Place the potatoes in a pan of cold salted water. Bring to the boil and simmer until tender. Once cooked, drain and allow to cool.
Peel and finely dice the shallot. Cut the cherry tomatoes in half. Wash and spin the salad leaves in a salad spinner.
For the aioli: peel and mince the garlic. Place the egg yolk, garlic, lemon juice and salt in a bowl. Whisk together and then start adding the olive oil a little at a time. Keep whisking until all of the olive oil has been incorporated. Check the seasoning and add more lemon juice and garlic if required.

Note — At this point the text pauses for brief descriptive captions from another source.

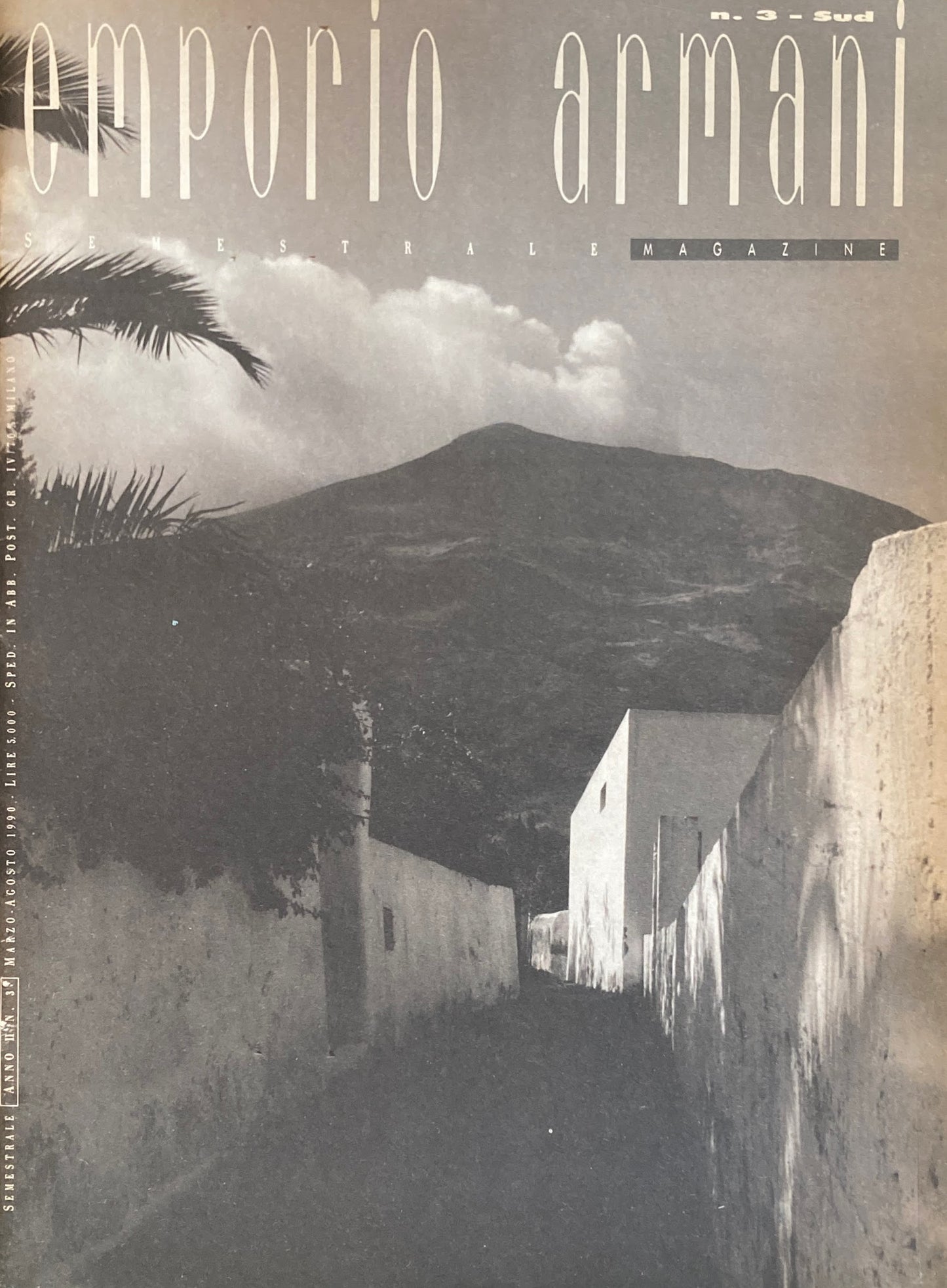 Emporio Armani Magazine no.3 エンポリオ・アルマーニ・マガジン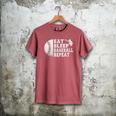 Eat Sleep Baseball Repeat Catcher Boys Youth Men Men's Comfort Colors T-Shirt Crimson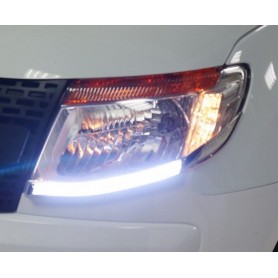 Ford Ranger LED-Leisten - Tuning-Scheinwerfer - (von 2012 bis 2015)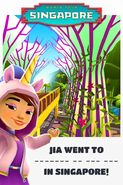 Subway Surfers World Tour: Singapore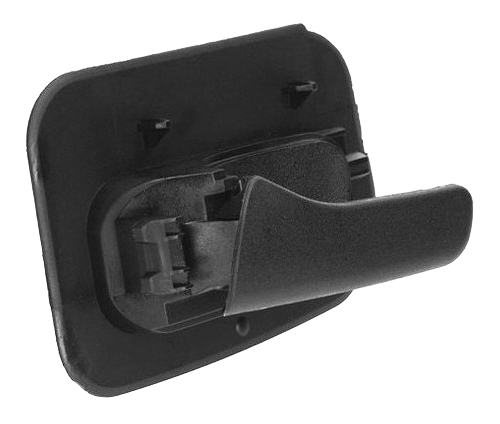 Manija interior Corsa 1994-2011 trasera izquierdo negro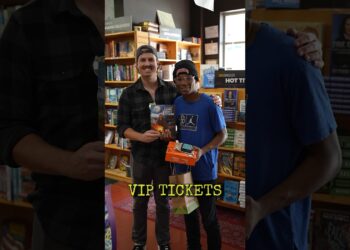 Run into me, and get my Graphic Novel!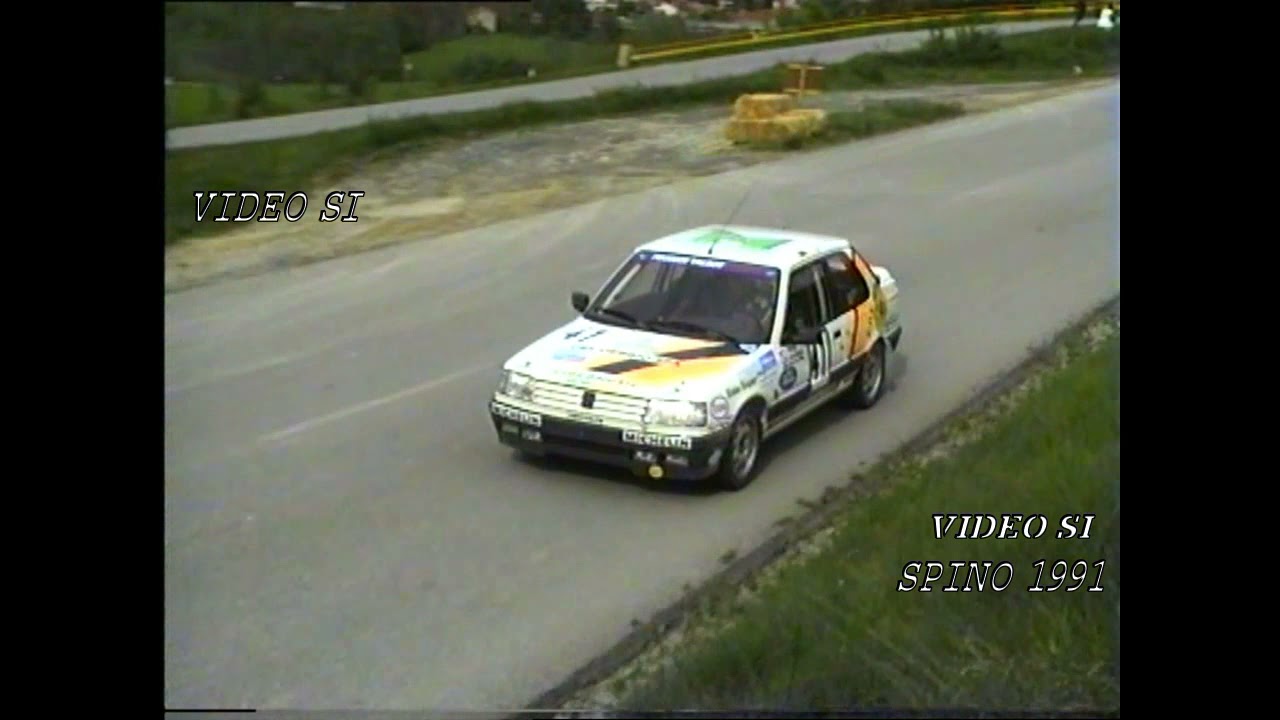 Cronoscalata Pieve Santo Stefano Passo dello Spino 1991 - 3/5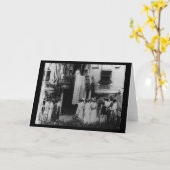 Carte Votes pour les femmes Alice Paul Victory Drapeau (Fleur jaune)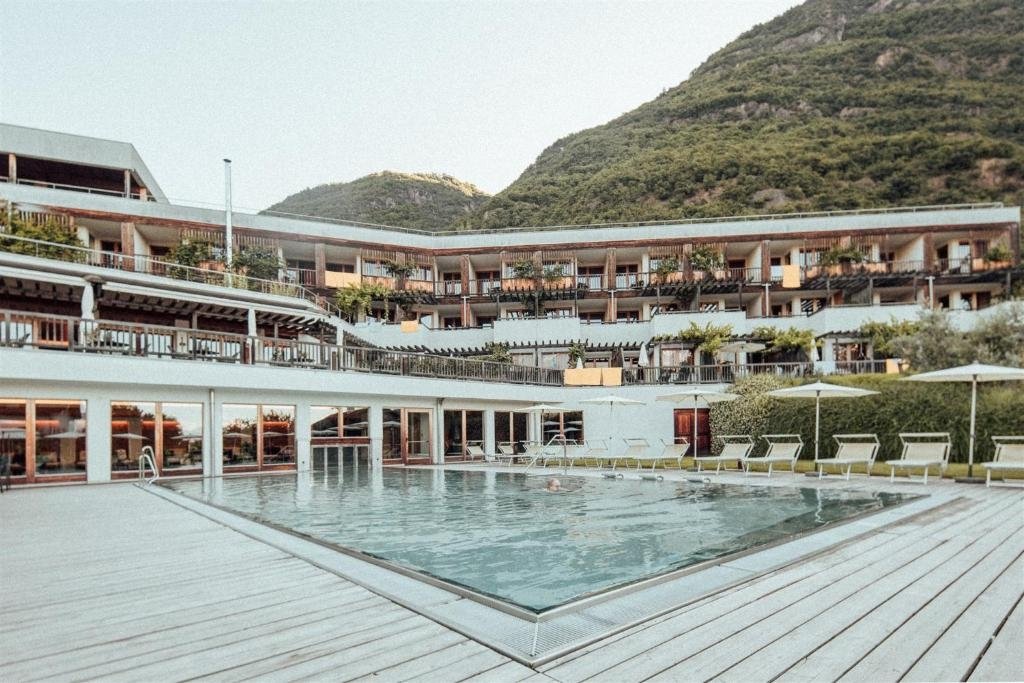 

Gargazon koło Merano i Bolzano w Biohotelu theiner's garten **** z pełnym wyżywieniem, wellness, fitness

Crush the potatoes with a fork and mix through the aioli. Check the seasoning and adjust if necessary.
Season the tuna steaks with salt and pepper and brush with olive oil.
Heat a griddle pan until hot and then cook the tuna for 2 minutes on each side.
Mix together the juice of 1 lemon and 75ml olive oil. Season with salt and pepper.
Toss the salad leaves, tomatoes and shallot through the lemon juice and olive oil dressing.
Smear a spoonful of tapenade on to the tuna steak.
To serve: fill a stainless steel serving ring with the crushed potatoes. Place a tuna steak on top and finish with a handful of salad leaves.
«The tuna steaks should be pink in the middle - be careful not to overcook.»